**DESCRIPTION OF THE TASK**.
Starting from the line with "4-(3'-Chloropropyl)-5,6-dipropyl-2H-pyran-2-one" and going up to and including the line with "Red Rhino Leak", copy the listing below exactly. Leave all images out.

**MATERIAL TO PROCESS**.

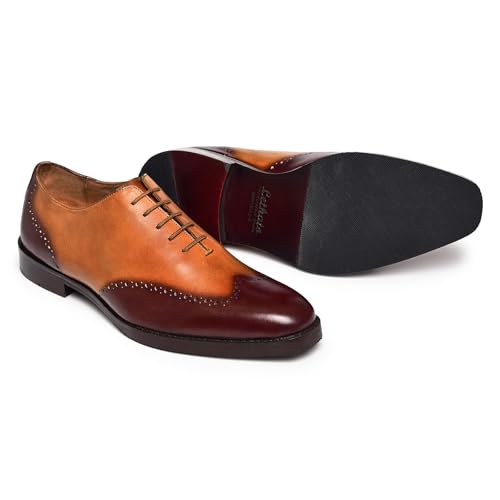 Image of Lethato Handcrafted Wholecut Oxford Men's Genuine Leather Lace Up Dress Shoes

==

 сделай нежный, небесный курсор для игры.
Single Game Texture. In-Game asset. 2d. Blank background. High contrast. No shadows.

--

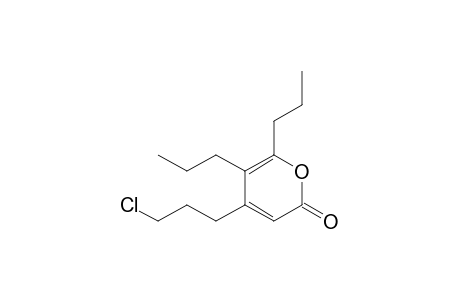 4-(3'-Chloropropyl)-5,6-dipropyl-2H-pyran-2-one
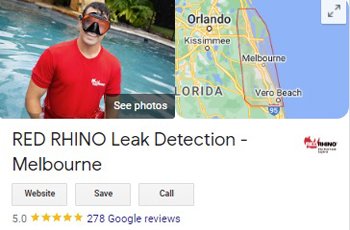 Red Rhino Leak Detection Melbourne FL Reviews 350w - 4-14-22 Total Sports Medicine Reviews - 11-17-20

**RESULT BELOW**.
 4-(3'-Chloropropyl)-5,6-dipropyl-2H-pyran-2-one
 Red Rhino Leak Detection Melbourne FL Reviews 350w - 4-14-22 Total Sports Medicine Reviews - 11-17-20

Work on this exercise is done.